Un accident vasculaire cérébral est une urgence médicale causée par un manque de flux sanguin vers le cerveau, entraînant des lésions cellulaires ou la mort. C’est l’une des principales causes de décès et d’invalidité dans le monde, avec environ 80 millions de personnes touchées chaque année. Il est essentiel de consulter immédiatement un médecin si vous ou quelqu'un que vous connaissez présentez des signes d'accident vasculaire cérébral, tels qu'un engourdissement ou une faiblesse soudaine du visage, du bras ou de la jambe, en particulier d'un côté du corps, de la confusion, des difficultés à parler ou à comprendre. , difficulté à voir dans un ou les deux yeux et maux de tête sévères sans cause connue.
Traiter un accident vasculaire cérébral peut être difficile et urgent. La méthode la plus courante est la thrombolyse, qui implique l'administration intraveineuse de médicaments anti-caillots pour dissoudre le caillot sanguin à l'origine de l'accident vasculaire cérébral. Cependant, le traitement thrombolytique présente plusieurs limites, telles qu'une fenêtre thérapeutique étroite, un risque hémorragique et de faibles taux de recanalisation en cas d'occlusion de grosses artères. De plus, tous les patients ne sont pas éligibles à la thrombolyse et certains peuvent nécessiter des interventions supplémentaires, telles qu'une thrombectomie mécanique ou une hémicraniectomie décompressive.
Le cathéter d'aspiration intracrânienne est un nouveau dispositif qui offre une méthode alternative ou complémentaire pour le traitement de l'AVC. Il s'agit d'un cathéter inséré dans le cerveau pour aspirer le caillot sanguin à l'origine de l'accident vasculaire cérébral, seul ou en association avec une thrombolyse. Il est conçu pour atteindre le site d'occlusion où se trouve le caillot et le récupérer avec une force d'aspiration.
L’un des avantages du cathéter d’aspiration intracrânienne est sa polyvalence et sa compatibilité avec différents types et emplacements de caillots. Il peut récupérer à la fois des thrombus et des emboles, qu'ils soient frais ou organisés, et peut être utilisé en tandem avec d'autres dispositifs, tels que des récupérateurs d'endoprothèses et des cathéters guidés par ballonnet. Elle peut également traiter les accidents vasculaires cérébraux antérieurs et postérieurs, contrairement à certaines autres méthodes limitées à certaines zones.

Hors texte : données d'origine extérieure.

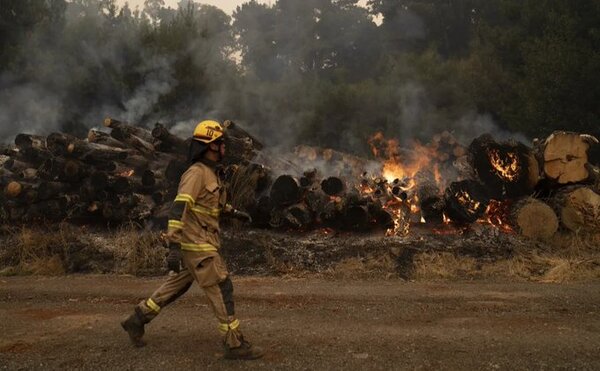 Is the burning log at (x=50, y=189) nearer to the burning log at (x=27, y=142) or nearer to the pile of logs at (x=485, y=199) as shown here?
the burning log at (x=27, y=142)

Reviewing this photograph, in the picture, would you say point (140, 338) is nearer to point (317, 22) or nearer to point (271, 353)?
point (271, 353)

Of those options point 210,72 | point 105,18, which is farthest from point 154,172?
point 105,18

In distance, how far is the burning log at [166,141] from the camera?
10.4 m

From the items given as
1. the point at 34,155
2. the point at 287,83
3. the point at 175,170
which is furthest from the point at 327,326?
the point at 287,83

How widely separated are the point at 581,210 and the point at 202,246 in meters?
7.08

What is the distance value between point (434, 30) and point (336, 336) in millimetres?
26856

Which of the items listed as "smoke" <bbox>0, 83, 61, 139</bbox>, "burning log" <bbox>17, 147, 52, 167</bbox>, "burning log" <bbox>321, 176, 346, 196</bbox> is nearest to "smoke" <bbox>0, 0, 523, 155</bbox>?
"smoke" <bbox>0, 83, 61, 139</bbox>

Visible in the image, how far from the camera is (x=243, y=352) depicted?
14.4 ft

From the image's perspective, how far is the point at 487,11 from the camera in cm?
2620

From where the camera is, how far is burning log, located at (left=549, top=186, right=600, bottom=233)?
28.7 ft

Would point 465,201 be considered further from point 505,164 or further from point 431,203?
point 505,164

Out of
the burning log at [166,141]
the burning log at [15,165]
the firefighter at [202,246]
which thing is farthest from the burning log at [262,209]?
the burning log at [15,165]

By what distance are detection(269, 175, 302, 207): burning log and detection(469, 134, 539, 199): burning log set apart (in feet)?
10.8

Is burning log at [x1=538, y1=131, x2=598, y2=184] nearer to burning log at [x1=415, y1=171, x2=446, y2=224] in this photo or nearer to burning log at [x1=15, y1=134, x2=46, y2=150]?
burning log at [x1=415, y1=171, x2=446, y2=224] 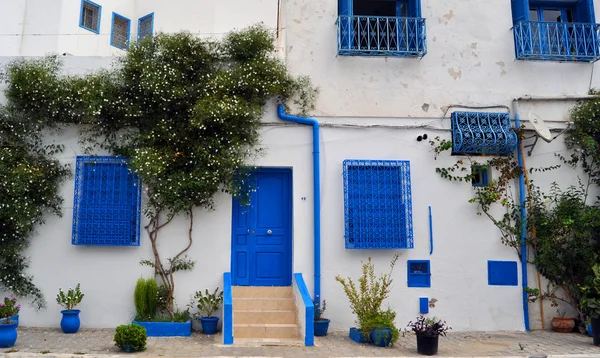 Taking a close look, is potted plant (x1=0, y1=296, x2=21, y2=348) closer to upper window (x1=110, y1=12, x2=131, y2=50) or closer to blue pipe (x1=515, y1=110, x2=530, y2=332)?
upper window (x1=110, y1=12, x2=131, y2=50)

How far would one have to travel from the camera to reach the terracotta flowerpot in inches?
365

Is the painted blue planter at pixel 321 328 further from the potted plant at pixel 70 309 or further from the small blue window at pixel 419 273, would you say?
the potted plant at pixel 70 309

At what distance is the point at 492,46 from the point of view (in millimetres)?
10352

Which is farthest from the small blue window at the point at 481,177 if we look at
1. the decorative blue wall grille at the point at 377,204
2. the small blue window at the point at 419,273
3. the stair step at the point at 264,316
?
the stair step at the point at 264,316

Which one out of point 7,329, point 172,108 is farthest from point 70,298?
point 172,108

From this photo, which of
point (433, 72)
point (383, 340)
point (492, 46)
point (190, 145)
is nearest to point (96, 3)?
point (190, 145)

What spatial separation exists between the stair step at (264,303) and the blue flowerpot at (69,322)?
2.59 m

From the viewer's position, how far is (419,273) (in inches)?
374

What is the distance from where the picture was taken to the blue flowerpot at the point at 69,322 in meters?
8.59

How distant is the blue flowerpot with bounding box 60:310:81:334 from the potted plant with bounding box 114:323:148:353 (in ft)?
5.70

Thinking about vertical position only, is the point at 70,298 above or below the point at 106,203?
below

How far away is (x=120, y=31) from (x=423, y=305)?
33.4 feet

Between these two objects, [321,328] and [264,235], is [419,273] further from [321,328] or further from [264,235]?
[264,235]

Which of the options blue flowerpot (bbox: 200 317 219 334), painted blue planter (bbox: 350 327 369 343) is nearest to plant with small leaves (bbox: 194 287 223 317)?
blue flowerpot (bbox: 200 317 219 334) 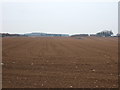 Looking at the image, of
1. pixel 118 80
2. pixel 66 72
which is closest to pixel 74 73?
pixel 66 72

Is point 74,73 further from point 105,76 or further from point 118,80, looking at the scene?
point 118,80

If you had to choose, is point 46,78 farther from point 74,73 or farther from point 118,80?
point 118,80

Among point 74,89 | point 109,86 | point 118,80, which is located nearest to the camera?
point 74,89

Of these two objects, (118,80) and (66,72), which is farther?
(66,72)

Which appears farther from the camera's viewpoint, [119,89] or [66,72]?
[66,72]

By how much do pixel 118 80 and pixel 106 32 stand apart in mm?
144971

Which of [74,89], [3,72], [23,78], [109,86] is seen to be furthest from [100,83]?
[3,72]

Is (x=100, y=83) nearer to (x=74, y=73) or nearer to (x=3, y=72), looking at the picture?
(x=74, y=73)

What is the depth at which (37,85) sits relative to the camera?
8.82 meters

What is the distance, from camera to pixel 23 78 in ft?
32.6

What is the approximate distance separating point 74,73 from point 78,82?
1.89 m

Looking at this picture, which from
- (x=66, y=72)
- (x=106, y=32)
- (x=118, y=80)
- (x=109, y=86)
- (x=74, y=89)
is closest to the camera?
(x=74, y=89)

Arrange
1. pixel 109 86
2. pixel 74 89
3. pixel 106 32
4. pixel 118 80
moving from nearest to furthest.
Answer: pixel 74 89
pixel 109 86
pixel 118 80
pixel 106 32

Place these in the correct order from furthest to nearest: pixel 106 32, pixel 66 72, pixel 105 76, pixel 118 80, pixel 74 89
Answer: pixel 106 32 → pixel 66 72 → pixel 105 76 → pixel 118 80 → pixel 74 89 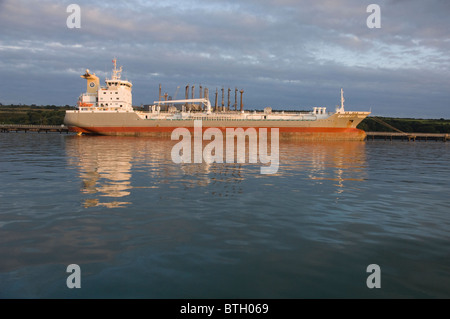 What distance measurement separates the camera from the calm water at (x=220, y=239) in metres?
4.88

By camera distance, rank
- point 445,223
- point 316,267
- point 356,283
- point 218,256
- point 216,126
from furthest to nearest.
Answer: point 216,126 → point 445,223 → point 218,256 → point 316,267 → point 356,283

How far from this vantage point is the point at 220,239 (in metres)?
6.75

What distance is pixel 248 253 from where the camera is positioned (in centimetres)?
605

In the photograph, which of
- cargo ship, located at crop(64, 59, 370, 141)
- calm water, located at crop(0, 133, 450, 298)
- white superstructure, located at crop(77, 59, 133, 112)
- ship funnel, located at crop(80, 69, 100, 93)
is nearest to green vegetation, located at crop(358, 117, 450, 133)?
cargo ship, located at crop(64, 59, 370, 141)

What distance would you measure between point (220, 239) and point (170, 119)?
180ft

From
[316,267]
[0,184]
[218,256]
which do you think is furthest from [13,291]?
[0,184]

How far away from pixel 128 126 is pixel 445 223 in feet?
191

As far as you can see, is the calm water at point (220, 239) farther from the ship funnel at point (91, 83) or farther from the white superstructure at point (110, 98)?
the ship funnel at point (91, 83)

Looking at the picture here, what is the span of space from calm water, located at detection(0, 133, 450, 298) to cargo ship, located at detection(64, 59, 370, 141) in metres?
45.2

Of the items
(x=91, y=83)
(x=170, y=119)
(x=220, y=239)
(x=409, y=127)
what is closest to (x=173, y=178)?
(x=220, y=239)

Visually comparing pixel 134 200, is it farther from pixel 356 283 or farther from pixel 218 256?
pixel 356 283

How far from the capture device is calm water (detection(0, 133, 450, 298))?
192 inches

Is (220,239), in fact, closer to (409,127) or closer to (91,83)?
(91,83)

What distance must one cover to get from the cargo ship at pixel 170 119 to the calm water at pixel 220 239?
45.2m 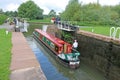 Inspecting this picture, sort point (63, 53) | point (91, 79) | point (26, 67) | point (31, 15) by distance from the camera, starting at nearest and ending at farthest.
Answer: point (26, 67) < point (91, 79) < point (63, 53) < point (31, 15)

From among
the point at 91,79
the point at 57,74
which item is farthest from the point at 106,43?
the point at 57,74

Un autre avantage du cathéter d’aspiration intracrânienne réside dans ses taux de recanalisation plus rapides et plus prévisibles par rapport à la thrombolyse. Une étude a montré que le temps moyen entre la ponction et la recanalisation était d'environ 24 minutes et que le taux de recanalisation était de 81,5 pour cent, avec un faible taux d'hémorragie intracrânienne symptomatique. Cela signifie que les patients victimes d’un AVC peuvent recevoir un traitement efficace et en temps opportun, améliorant ainsi leurs chances de guérison et réduisant le risque d’invalidité et de décès.
Le cathéter d'aspiration de caillot intracrânien est également moins invasif que d'autres méthodes, telles que la thrombectomie mécanique ou l'hémicraniectomie décompressive. Il s’agit uniquement d’une petite ouverture crânienne, plutôt que d’une craniotomie ou de l’insertion d’un cathéter de gros calibre. Cela réduit le risque de complications, telles qu’infections, saignements et œdèmes cérébraux, et raccourcit le séjour à l’hôpital et le temps de récupération.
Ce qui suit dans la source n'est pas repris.